Havia outros dois interesses por trás desse propósito: fortalecer o comércio entre as províncias e facilitar os embarques de café e açúcar, dois itens de elevado valor na pauta exportadora. Em 1841, ano da sua coroação, o grau de conexão entre as províncias era insignificante, seja por terra, mar ou rios. Não havia um mercado nacional como se conhece hoje. Os portos eram precários, incluindo o da capital, Rio de Janeiro, que com frequência lutava contra surtos de febre amarela e outras endemias.

Ao longo do seu reinado, a formação da riqueza não era gerada por máquinas a vapor, comum em países da Europa e Estados Unidos e sim, pelo trabalho e suor de cativos, negros trazidos da África, cuja dependência, iniciada três séculos antes, estava sob forte ameaça devido ao movimento pelo fim do regime de escravidão. A imigração aliviou a pressão, mas os grandes produtores queriam mais: pressionavam para que as ferrovias chegassem até a porta de suas fazendas.

Comunicações em primeiro

Além do desenvolvimento da navegação, D. Pedro investiu em comunicações, primeiramente, com o telégrafo, em 1850. Em maio de 1876, conheceu Thomas Edison e Alexandre Graham Bell na Exposição Internacional de Artes, Manufatura e Produtos da Terra e das Minas, na Filadélfia. Ao primeiro, pediu que trabalhasse para o Brasil. Três anos depois, a ferrovia D. Pedro II estava iluminada. Foi o ponto de partida para o desenvolvimento da indústria elétrica.

Graham Bell lhe apresentou uma nova invenção, o telefone. E para provar a eficiência, o inventor convidou o monarca para um teste. Colocou um fone em sua mão e se retirou para um sala adjacente e de lá proferiu a frase de Hamlet: “Ser ou não ser”. Sem esconder a fascinação e o entusiasmo pelo novo objeto, D. Pedro exclamou: “Meu Deus, isso fala”. Mais tarde, o primeiro telefone foi instalado no Palácio de Petrópolis e em seguida no Palácio de São Cristóvão. Ele entendia que “o melhor uso do dinheiro público está nos meios de comunicação”.

Ferrovias

Outra aposta do Império para unir o país eram as ferrovias, o que de fato aconteceu em 30 de abril de 1854, domingo, com uma linha de 15 km ligando o porto do Rio de Janeiro (hoje porto Mauá) a Petrópolis, com a presença de D. Pedro II e a imperatriz D. Tereza Cristina. O autor da façanha foi o Barão de Mauá, exatos quatro anos após o Congresso dos EUA ter autorizado a primeira concessão de terras públicas para promover e financiar a construção de ferrovias.
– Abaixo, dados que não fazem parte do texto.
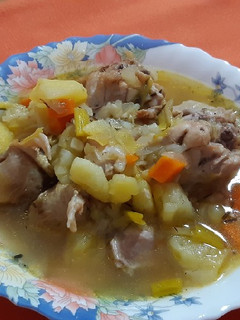 Una foto de Muslos de pollo guisados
Em pouco mais de duas décadas, entre 1850 e 1873, o Brasil possuía mirrados 800 km de extensão, com destaque para as linhas Cinco Ponta-Cabo (PE), Estação da Corte-Queimadas, depois, Estação de Ferro D. Pedro II e, por fim, Central do Brasil (RJ), Calçada-Paripe (BA), Santos Jundiaí (SP) e Fortaleza-Porongaba (CE). Nesse mesmo período, os EUA contavam com 18 mil km de trilhos, unindo a costa leste à oeste, com a contribuição de mão de obra de imigrantes.

Na reta final do seu reinado, o Brasil acumulava 16 mil km, incluindo as linhas Porto Alegre-São Leopoldo (RS), Sítio Barroso (MG) e Paranaguá-Morretes (PR). Em igual período, os EUA tinham uma rede quase três vezes maior que a brasileira, com 43 mil km, em função do crescimento econômico impulsionado pela produção e exportação de petróleo, aço, trigo e algodão. Um dos grandes compradores de algodão era justamente a Inglaterra.

A verdade é que o projeto de ferrovias iniciado no Império poderia ser um marco histórico de um megaprojeto de infraestrutura para cobrir o país, mas esse desejo – infelizmente – jamais foi concretizado. Em 2020, o modal contava com uma malha precária de 30 mil km de trilhos, o que pressupõe dizer que, durante 13 décadas da Era Republicana, a construção de novas ferrovias foi inferior ao volume que D. Pedro II fez em menos de quatro décadas.

A Alemanha, com área territorial similar ao do estado de Goiás, tem 42 mil km de ferrovias em pleno uso, enquanto no caso brasileiro, apenas uma pequena parcela é usada majoritariamente para o transporte de minérios e grãos. Se os trens foram “abandonados” no meio do caminho pelo rodoviarismo, é preciso uma reflexão franca sobre uma integração verdadeira com o transporte e carga por caminhões. Como lembra a frase dita pelo antropólogo, pesquisador e jornalista potiguar, Luís Câmara Cascudo (1898-1986): “O Brasil não tem problemas, só soluções adiadas.”